Dagegen studierte der Japaner TAKATA (1922) mehr als zehn Jahre später insbesondere den Nüchterninhalt des Hundemagens. Dabei gab er an, im Saft des leeren Magens außer den Fermenten Pepsin, Labferment und Amylase auch das fettspaltende Enzym Lipase gefunden zu haben.

Da aber bereits BOLDYREFF 1908 beim hungernden Hund einen Darmsekretrückfluß vermerkt hatte, war die Frage nach der tatsächlichlichen Herkunft der im Magensaft bestimmbaren Lipase, Pankreas oder Magen, noch längst nicht geklärt.

Achtzehn Jahre nach TAKATA äußerte sich deshalb noch einmal VOGEL (1940) zur Magenlipase der Fleischfresser. Im Rahmen seiner Versuchsreihe zum Einfluß der Nahrungsfette auf die Acidität und den Lipasegehalt des Magens kam es zu einer weiteren Bekräftigung der These BOLDYREFFs (1908), die im Magen gefundenen fettspaltenden Fermente seien in erster Linie Pankreasfermente. Zunächst registrierte der Veterinärmediziner bei Hunden schon unter der Verabfolgung von Fleischnahrung regelmäßig einen Rückfluß der Duodenalsäfte in den Magen. Als er der Fleischnahrung jedoch noch Fett zusetzte, zeigte sich darüberhinaus im Magen eine Erhöhung des Lipasegehalts, wobei die schwerer schmelzbaren Fette im Vergleich zu den leichter schmelzbaren eine stärkere Konzentrationszunahme bewirkten. Aufgrund des gleichzeitigen Nachweises von Gallenfarbstoffen im Magensekret erschien VOGEL einmal mehr der Beweis dafür erbracht, daß unter der Fettfütterung Dünndarmchymus mit darin enthaltener Galle und Pankreaslipasen in großem Ausmaß in den Magen eingetreten war. Er sprach daher die Lipase im Magen erneut als Pankreaslipase an.
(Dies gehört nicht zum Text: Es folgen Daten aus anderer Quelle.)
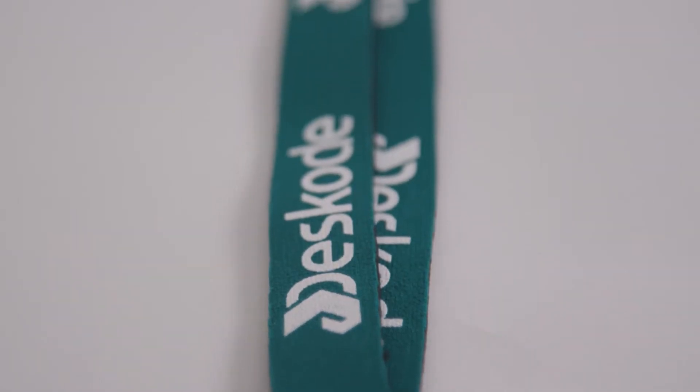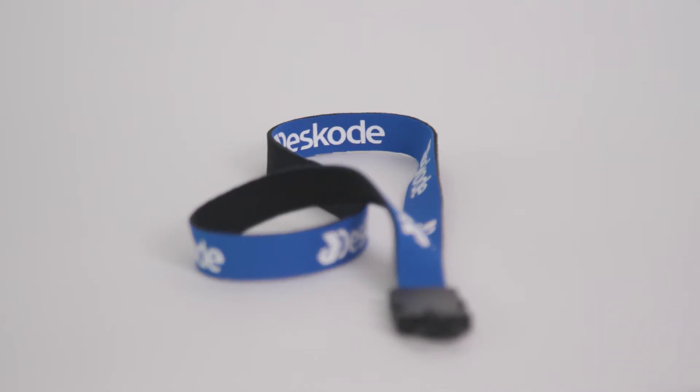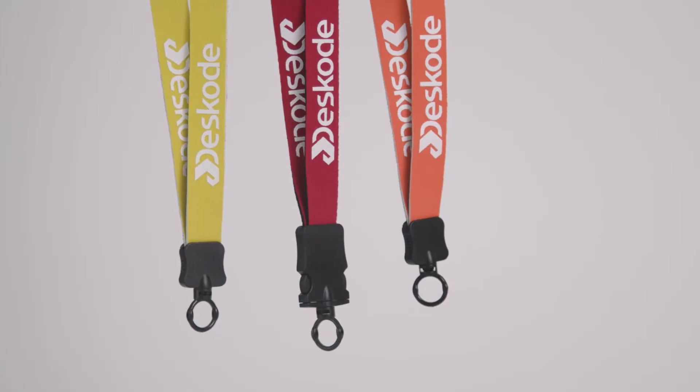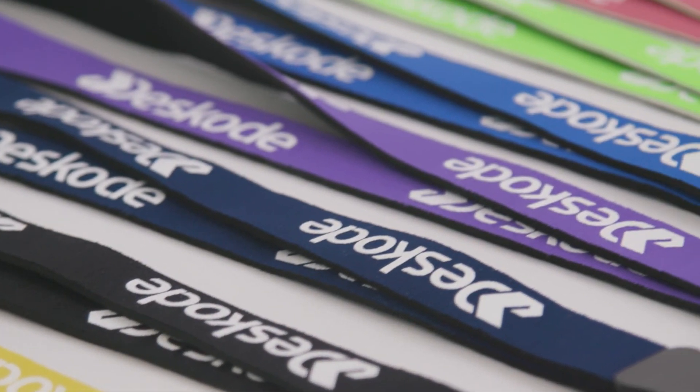Easily promote your business by adding your logo with a silkscreen imprint. This lanyard is available with a metal or plastic attachment and in a variety of colors. It's perfect for any outdoor water event, trade show, or convention.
Obwohl VOGEL so erneut einen Beweis dafür lieferte, daß vor allem Pankreaslipasen bei der Fettspaltung im Magen tätig waren, vermochten erst Wissenschaftler in der 2.
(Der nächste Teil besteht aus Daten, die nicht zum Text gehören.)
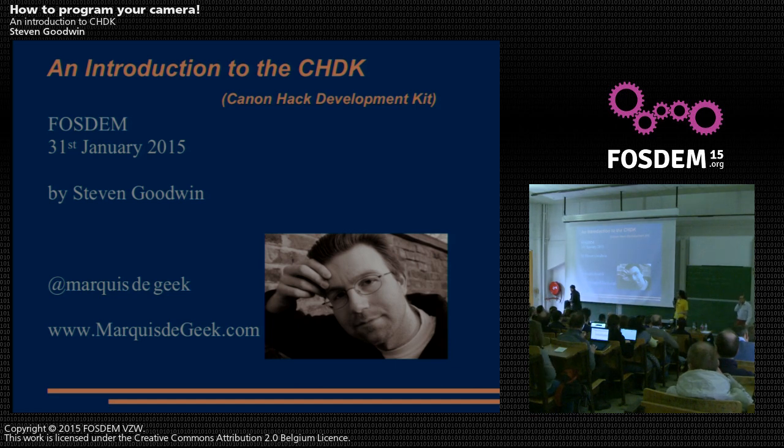Next up, we're going to have a look at cameras and how you can hack them yourself to do stuff better than the manufacturer did. My name is Steve and I'm a little bit of a geek. When you create a talk titled 'Introduction to CHDK,' you've probably got three types of people in the audience: those looking for an introduction, those who know CHDK and want to pick faults, and those just waiting for the next talk who wanted a seat.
Hälfte des 20. Jhs. durch ausgefeilte biochemische Separationsmethoden zwischen den, nur an die Magenschleimhaut adsorbierten oder oberflächlich eingedrungenen Lipasen und den selbst von der Magenschleimhaut sezernierten Enzymen zu unterscheiden und damit die Widersprüchlichkeit bisheriger Versuchsergebnisse aufzuklären. Im Verlauf der weiteren Forschung sollte es sich nämlich zeigen, daß eine Magenlipase in Form einer Triacylglycerin-Lipase de facto existierte; daß diese im Vergleich zur Pankreaslipase jedoch nur geringgradig an der Fettspaltung im Magen beteiligt war und auch nur niedrig schmelzende Fette zu zersetzen vermochte. Allein beim menschlichen und tierischen Säugling konnte dieses Ferment aufgrund des bereits emulgierten Muttermilchfetts und des noch wenig sauren Magensaftes weitreichendere Wirkung entfalten.